The UA president, provost and Faculty Senate have given the College the green light to proceed, and an internal search for the head of this new school was initiated April 7, 2009. The new school will be composed of the departments of Civil Engineering and Engineering Mechanics, Mining and Geological Engineering, Chemical and Environmental Engineering, Materials Science and Engineering, and Systems and Industrial Engineering.

The SSES will bring together more than 50 faculty members from five engineering departments and draw on expertise throughout the campus. It will focus on critical linkages between systems in infrastructure, resources, energy and environment.
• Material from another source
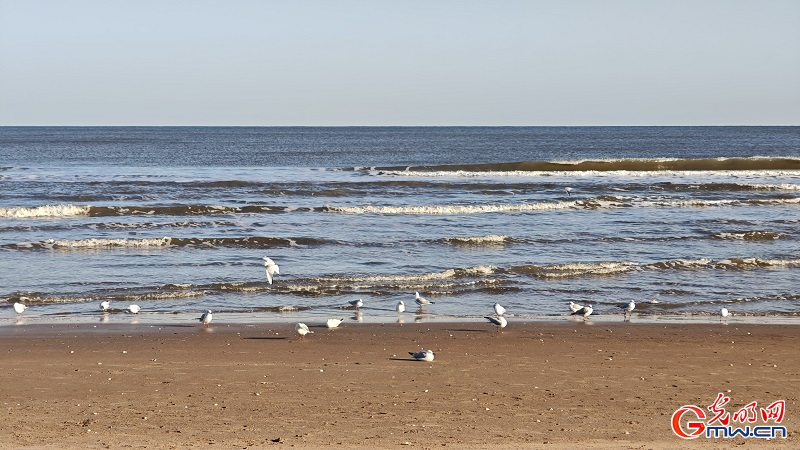 Seagulls grace the winter coast of Anaya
The school will build partnerships with similar schools and work with industry to enhance the economic base in Arizona.

Jeff Goldberg, dean of the College of Engineering, said: “In the Southwest, the need to address competing demands related to environmental preservation, quality of life, and economic growth has never been greater. These issues must be addressed regionally at the community scale and at the individual level to ensure a thriving economic future.

Departments throughout the College of Engineering are already doing considerable research in these areas, and the SSES will build bridges between these departments and research areas. Specifically, the SSES has been formed to foster, coordinate and expand research initiatives that address the broad range of opportunities and problems arising in the Southwest due to:

  • The abundance of solar energy that could reduce the cost of imported energy.
  • A shortage in potable water that could limit population growth, deter economic expansion, and threaten public health and safety.
  • Environmental degradation such as the increasing levels of groundwater salinity. Management of the salts imported through CAP water, for example, will be a major challenge to growth; on the other hand, there are exciting potential business opportunities for processing these materials into valuable products.
  • The existence of a strong, but threatened, high-tech manufacturing industry based primarily on semiconductor devices. The long-term environmental sustainability of this industry continues to be a fundamental concern in Arizona.
  • Rapid growth and development resulting in a need for new transportation, water and power infrastructure, as well as maintaining existing roadways, bridges and pipeline.
  • Continued drawdown of aquifers has resulted in subsidence and earth fissure that have significant economic and public safety issues.